- **EXERCISE MATERIAL**:
────────────────────

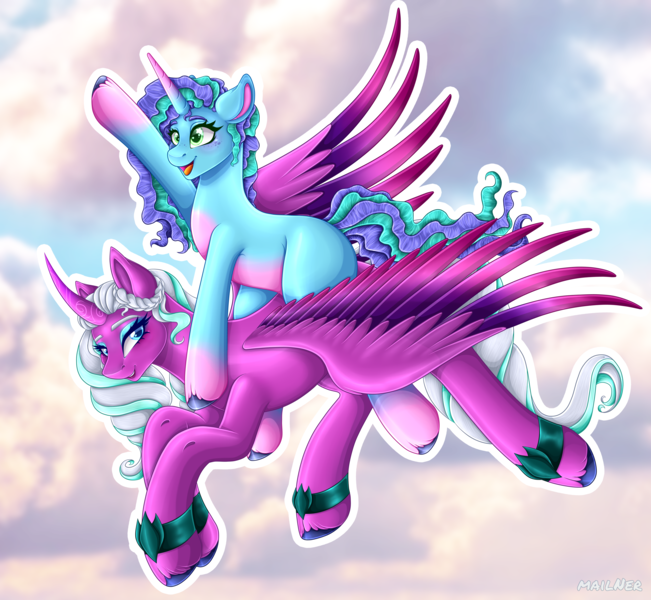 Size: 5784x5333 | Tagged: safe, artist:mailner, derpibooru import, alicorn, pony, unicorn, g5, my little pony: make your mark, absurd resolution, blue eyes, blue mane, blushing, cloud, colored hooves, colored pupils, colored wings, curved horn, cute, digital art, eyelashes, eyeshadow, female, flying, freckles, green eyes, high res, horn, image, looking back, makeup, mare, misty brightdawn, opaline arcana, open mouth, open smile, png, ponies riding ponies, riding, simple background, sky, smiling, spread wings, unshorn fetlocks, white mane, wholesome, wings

────────────────────

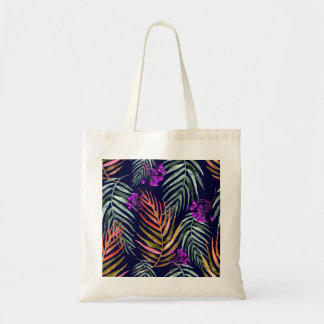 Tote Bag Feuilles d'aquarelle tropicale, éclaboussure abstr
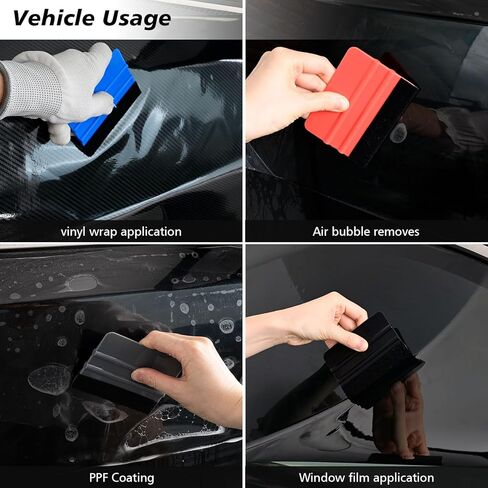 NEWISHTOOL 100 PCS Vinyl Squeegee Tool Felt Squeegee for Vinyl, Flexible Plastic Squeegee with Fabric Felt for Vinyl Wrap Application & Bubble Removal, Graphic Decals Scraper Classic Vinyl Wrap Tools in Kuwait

────────────────────

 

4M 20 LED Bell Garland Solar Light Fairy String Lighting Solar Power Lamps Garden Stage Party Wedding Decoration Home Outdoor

────────────────────

- **TASK TO COMPLETE**: An exact transcription is needed of the lines from the one with "Tote Bag Feuilles" to the one with "NEWISHTOOL 100 PCS" above, both ends included, with pictures left out.

- **SOLVED EXERCISE**:
 Tote Bag Feuilles d'aquarelle tropicale, éclaboussure abstr
 NEWISHTOOL 100 PCS Vinyl Squeegee Tool Felt Squeegee for Vinyl, Flexible Plastic Squeegee with Fabric Felt for Vinyl Wrap Application & Bubble Removal, Graphic Decals Scraper Classic Vinyl Wrap Tools in Kuwait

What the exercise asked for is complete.